Goldwater, along with Mark Hatfield, are maybe my two favorite Senate Republicans post-WWII but even I feel like he'd tell you privately to use your noggin over that vote. He voted for every other Civil Rights Act except for the one that was in the news just as he was trying to win the GOP nomination on the backs of an energized conservative movement that was staunchly opposed to it?
IIRC, it's not the only bill his voting record takes a sharp "social conservative" turn on suddenly that year only to revert back on post-election.
Kinda like Johm McCain 40 some years later.
That gets to the heart of what I mean. Goldwater's held up as emblematic of a lost conservatism of deeply held philosophical principles, in contrast with the current version that's been corrupted by some nasty cultural resentments, as if the "energized conservative movement" of the time wasn't deeply intertwined with the backlash against the the advances in civil rights.

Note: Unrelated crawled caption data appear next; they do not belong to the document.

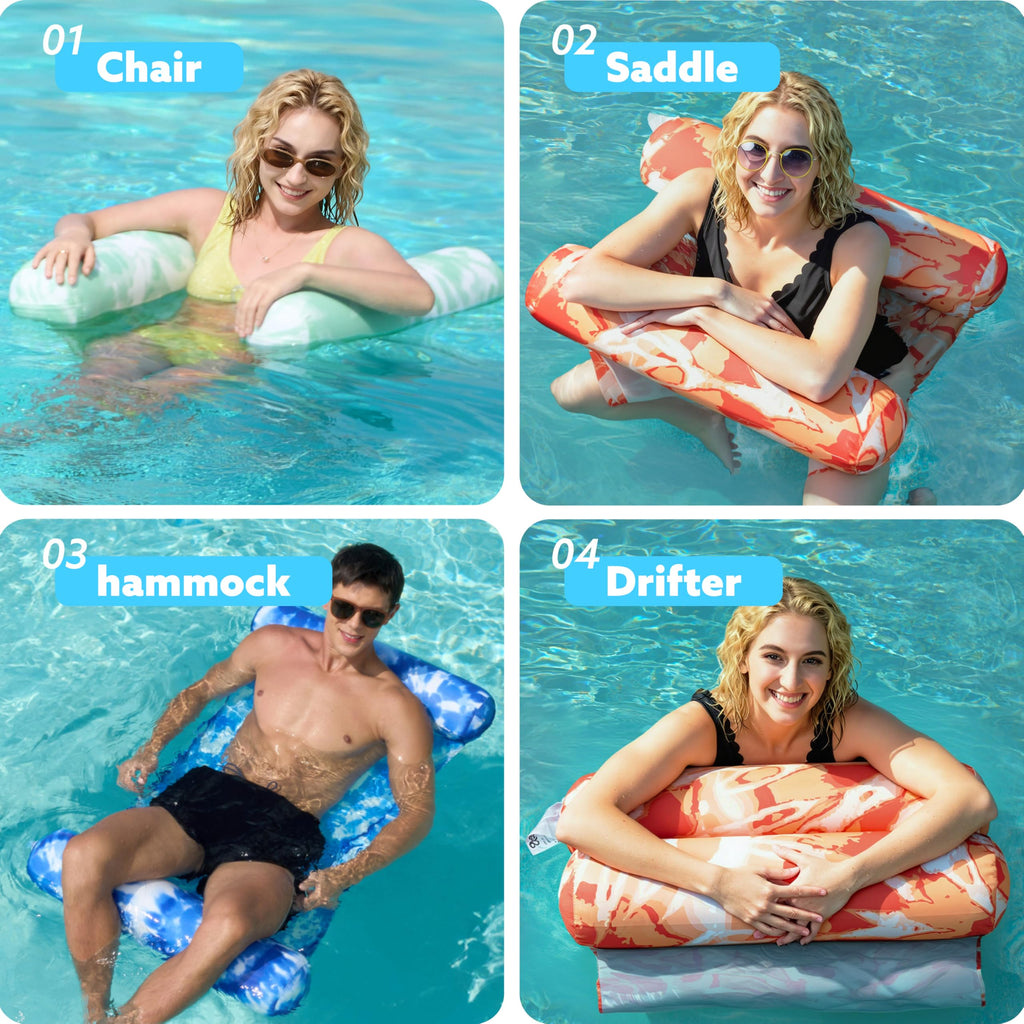 3 Pack 4-in-1 Inflatable Pool Floats Water Hammock Lounges G848940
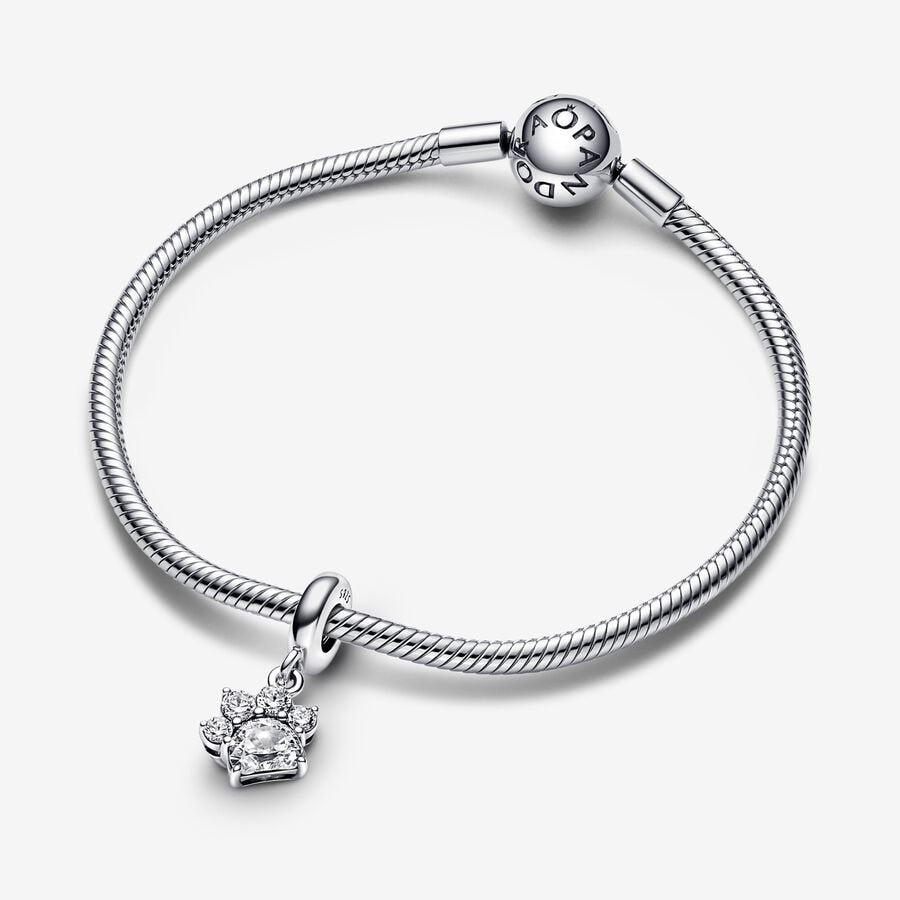 Sparkling Pet Paw Print Dangle Pandora Charm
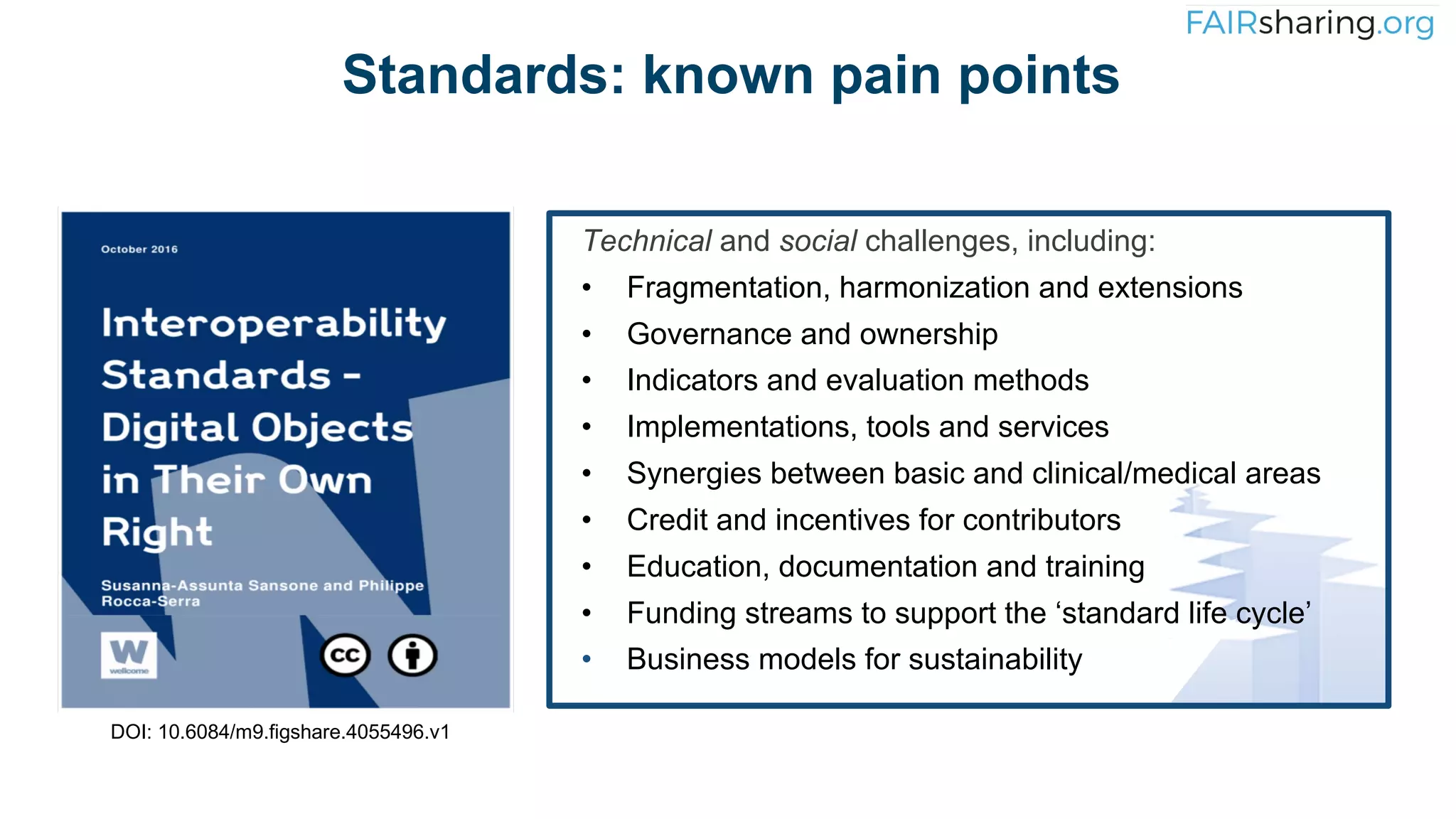 Standards: known pain points
DOI: 10.6084/m9.figshare.4055496.v1
Technical and social challenges, including:
• Fragmentation, harmonization and extensions
• Governance and ownership
• Indicators and evaluation methods
• Implementations, tools and services
• Synergies between basic and clinical/medical areas
• Credit and incentives for contributors
• Education, documentation and training
• Funding streams to support the ‘standard life cycle’
• Business models for sustainability
 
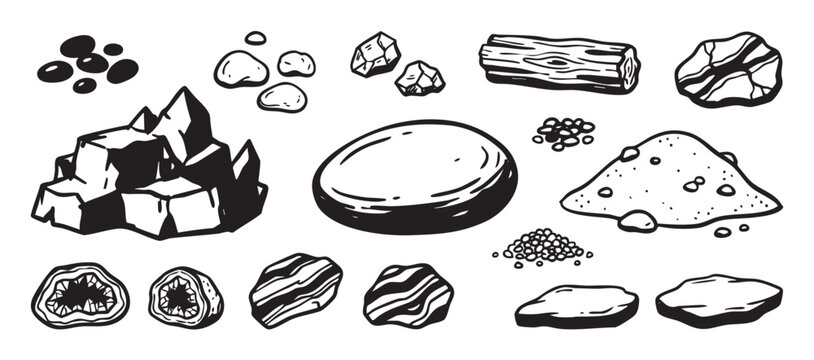 Collection of hand-drawn rocks and minerals including crystals, geodes, pebbles, sand, and petrified wood in a black and white doodle illustration style for geology themes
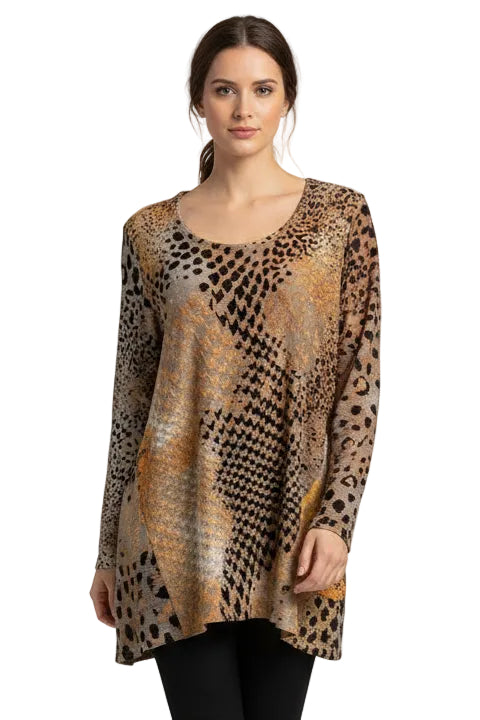 L/S Scoop Neck Hi Lo Burnout Top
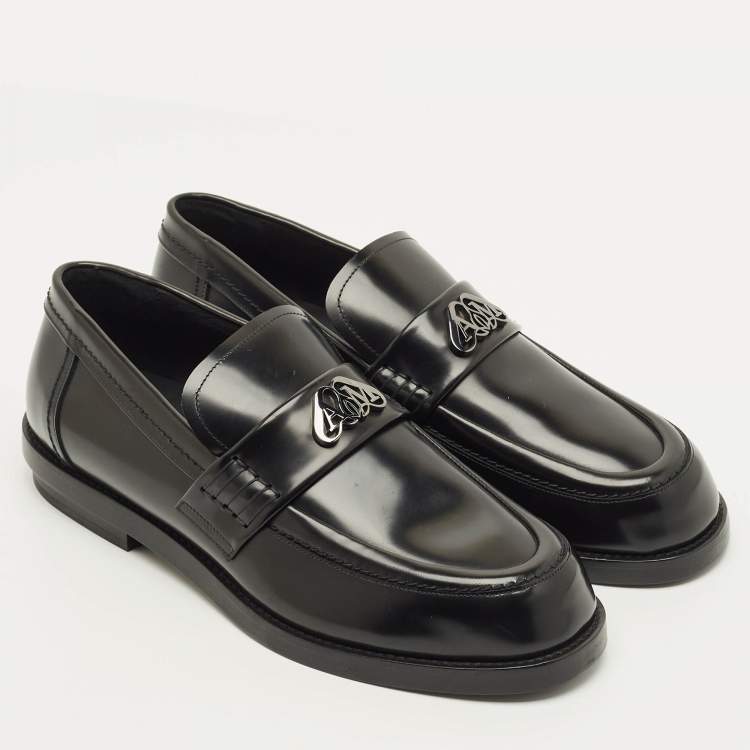 Pre Owned Alexander McQueen Size 43 Black Leather Logo-Plaque  Loafers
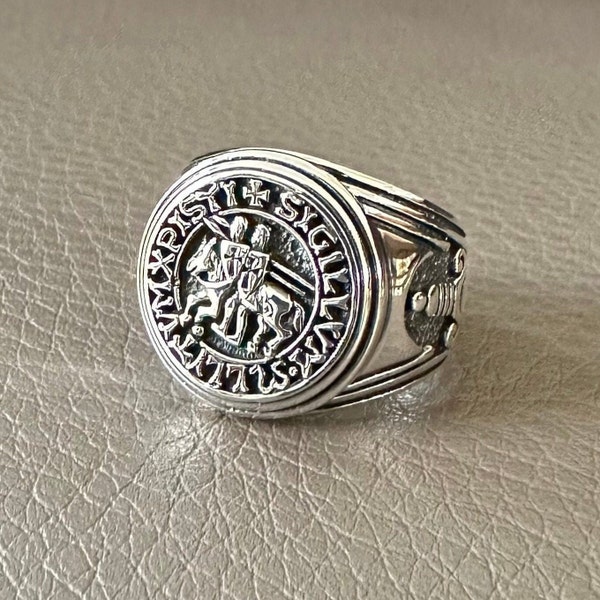 Men's Sterling Silver Knights Templar Ring - Jerusalem Cross Crusader Band, Size 11.25, Handmade In USA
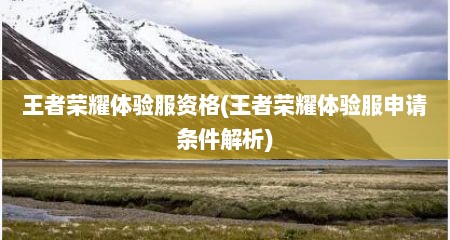 王者荣耀体验服资格(王者荣耀体验服申请条件解析)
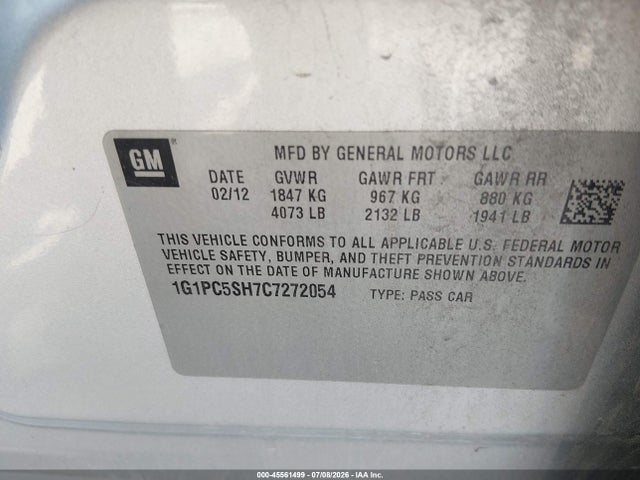 45561499 :رقم المزاد ، 1G1PC5SH7C7272054 vin ، 2012 Chevrolet Cruze Ls مزاد بيع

His CRA vote gets excused or even praised cause it was so deeply gut-wrenching for him to harm other people who weren't him or his constituency, but god dammit he had to cause of his Principles. It's not as bad as the Bill Buckley fandom, but I find it pretty grody.
Also, let's not pump up his civil rights record outside of that. The earlier acts were pretty famously toothless, and after he re-joined the Senate he had multiple did-not-votes on extensions of the Voting Rights Act. His record might be better than almost anyone else who could be plausibly claimed by movement conservatism, but that's more an indictment of them than a point in his favor.